VİRÜSLERİ YOK EDEN BİTKİLER

Bitkilerin çoğu salgıladıkları eter/uçucu yağlar sayesinde havaya dağılmış zararlı her nev’i mikrobu öldürür. Geçtiğimiz günlerde bu konuda örnekler vermiştik mâlum. İşte bu yüzden yeşilliği bol bölgelerde salgın olmaz. Ciddi hastalıklar görülmez. Zira bitkiler bunu biz istemesek de engellerler. Ah şu betona boğulan şehirler bize ne kadar çok zulmediyor. Meselâ, verem mikrobuna karşı ardıç çeşitleri, ıhlamur, adaçayı, sedef otu, pelin, ayvadana fevkalâde etkilidir. Bunların şehirlere bolca dikilmesi gerekir. İşte bunların ve benzer diğer bitkilerin uçucu yağları bizi öylesine çok tehlikeden korur ki, keşke insan bunu bilse de tedbir alsa…

****

KÖTÜYÜ ALIP İYİYİ VEREN AĞAÇLAR
Eskiler ağaçları tesadüfe göre değil, belirli hikmete göre dikerlerdi genellikle. Osmanlı’nın çınar tercihi bunun en mühim örneklerindendir. Kötü enerjileri emme özelliği olan çınar, şehre bir sükûnet verir. Ruhî bunalım yaşayanlar günde 15 dakika çınar ağacına sarılsalar dertlerinden önemli ölçüde muhtemelen tümüyle kurtulurlar. Aynı şekilde günlük 10-15 dakika çıplak ayak ve elle toprakta yürümek de benzer etkiyi yapar.

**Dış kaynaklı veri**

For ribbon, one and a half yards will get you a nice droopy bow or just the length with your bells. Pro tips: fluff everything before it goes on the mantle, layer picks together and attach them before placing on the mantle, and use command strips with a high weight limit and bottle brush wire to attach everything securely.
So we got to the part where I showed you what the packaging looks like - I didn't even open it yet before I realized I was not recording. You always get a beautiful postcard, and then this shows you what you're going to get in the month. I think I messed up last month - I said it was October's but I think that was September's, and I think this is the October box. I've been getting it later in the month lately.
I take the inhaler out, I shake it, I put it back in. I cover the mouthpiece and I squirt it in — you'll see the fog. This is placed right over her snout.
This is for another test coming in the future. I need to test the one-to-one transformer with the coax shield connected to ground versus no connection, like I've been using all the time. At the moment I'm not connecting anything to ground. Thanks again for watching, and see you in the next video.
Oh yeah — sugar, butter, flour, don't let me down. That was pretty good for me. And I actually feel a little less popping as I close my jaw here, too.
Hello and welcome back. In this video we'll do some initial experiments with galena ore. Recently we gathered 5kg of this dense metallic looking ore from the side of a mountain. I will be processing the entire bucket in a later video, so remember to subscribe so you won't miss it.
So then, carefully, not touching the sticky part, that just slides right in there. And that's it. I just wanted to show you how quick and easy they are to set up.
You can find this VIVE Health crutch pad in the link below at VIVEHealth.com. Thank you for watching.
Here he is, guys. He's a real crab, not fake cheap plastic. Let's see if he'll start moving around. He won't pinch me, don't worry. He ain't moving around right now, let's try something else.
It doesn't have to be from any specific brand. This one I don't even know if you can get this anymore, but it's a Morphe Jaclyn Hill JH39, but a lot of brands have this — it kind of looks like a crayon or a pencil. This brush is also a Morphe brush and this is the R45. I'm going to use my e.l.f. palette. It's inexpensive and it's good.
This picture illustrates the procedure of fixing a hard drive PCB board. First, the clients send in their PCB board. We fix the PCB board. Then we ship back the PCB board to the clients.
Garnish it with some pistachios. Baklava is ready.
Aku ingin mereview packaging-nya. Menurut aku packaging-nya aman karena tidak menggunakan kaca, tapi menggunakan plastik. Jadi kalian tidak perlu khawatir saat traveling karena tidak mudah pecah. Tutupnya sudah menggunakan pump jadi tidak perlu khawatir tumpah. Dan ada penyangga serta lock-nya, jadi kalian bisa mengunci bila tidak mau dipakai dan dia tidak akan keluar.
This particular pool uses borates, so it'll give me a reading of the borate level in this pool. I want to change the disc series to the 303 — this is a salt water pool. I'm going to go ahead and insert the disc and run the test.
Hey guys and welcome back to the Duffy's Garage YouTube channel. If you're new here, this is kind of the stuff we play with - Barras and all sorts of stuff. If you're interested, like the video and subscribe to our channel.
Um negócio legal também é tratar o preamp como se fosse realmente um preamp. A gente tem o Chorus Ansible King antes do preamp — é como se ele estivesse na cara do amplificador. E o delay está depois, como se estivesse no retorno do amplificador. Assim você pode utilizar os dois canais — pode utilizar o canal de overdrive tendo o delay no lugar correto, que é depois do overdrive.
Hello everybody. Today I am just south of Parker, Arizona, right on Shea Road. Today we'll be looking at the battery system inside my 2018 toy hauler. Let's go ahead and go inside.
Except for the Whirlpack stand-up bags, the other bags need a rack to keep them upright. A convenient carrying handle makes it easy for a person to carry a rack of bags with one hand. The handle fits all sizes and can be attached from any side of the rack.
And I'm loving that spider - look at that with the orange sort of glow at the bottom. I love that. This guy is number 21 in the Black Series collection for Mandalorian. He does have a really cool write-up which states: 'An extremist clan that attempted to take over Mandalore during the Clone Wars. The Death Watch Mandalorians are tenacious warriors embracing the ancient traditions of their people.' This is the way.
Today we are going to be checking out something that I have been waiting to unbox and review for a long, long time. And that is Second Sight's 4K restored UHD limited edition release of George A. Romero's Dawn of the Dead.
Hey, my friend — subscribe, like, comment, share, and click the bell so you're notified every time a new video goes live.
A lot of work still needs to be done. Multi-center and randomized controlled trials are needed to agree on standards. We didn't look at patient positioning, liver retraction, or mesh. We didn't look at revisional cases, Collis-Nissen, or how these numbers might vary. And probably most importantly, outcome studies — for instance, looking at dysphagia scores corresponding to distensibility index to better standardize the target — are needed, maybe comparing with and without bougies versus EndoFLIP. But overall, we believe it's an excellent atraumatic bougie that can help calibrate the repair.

Bu kapsamda ağaçları üç gruba ayırabiliriz:

 BESLEYİCİLER YANİ ENERJİ VERENLER
Bunlar: Meşe, ardıç, akça ağaç, üvez ağacı vb. Bu ağaçlar insana kuvvet kazandırır, hastalıkların çoğunu etki altına alır, tansiyonu düzene sokar. Ayrıca kemik, eklem ağrıları, eklem romatizmasına yararlıdır.

 SİNDİRİCİLER YANİ ENERJİYİ KENDİNE ALANLAR
Bunlar: Akkavak, karakavak, titrek kavak, acırga, yeşil çam, ceviz, inci çiçeği vb. Bu ağaçlar ise hipertoni, böbrek, baş ağrılarında, guatr, bronşit, astım hastalıklarında kullanılır.

 TARAFSIZ AĞAÇLAR
Bunlar: Akağaç, şeftali, incir, kayısı, kuşüzümü, vişne, elma, armut, erik vb.

 NASIL FAYDALANILIR?
Bu ağaçlar nasıl kullanılır, yani nasıl istifade edilir?
Hastalığınız için şifalı ağacı seçip, 5 dakika yaslanmak yararlıdır. Küçük çocuklar raşitizm, fıtık vs hastalıklara yakalanırsa, enerji verici ağacın yanından üç-dört kez geçirmek iyi gelir.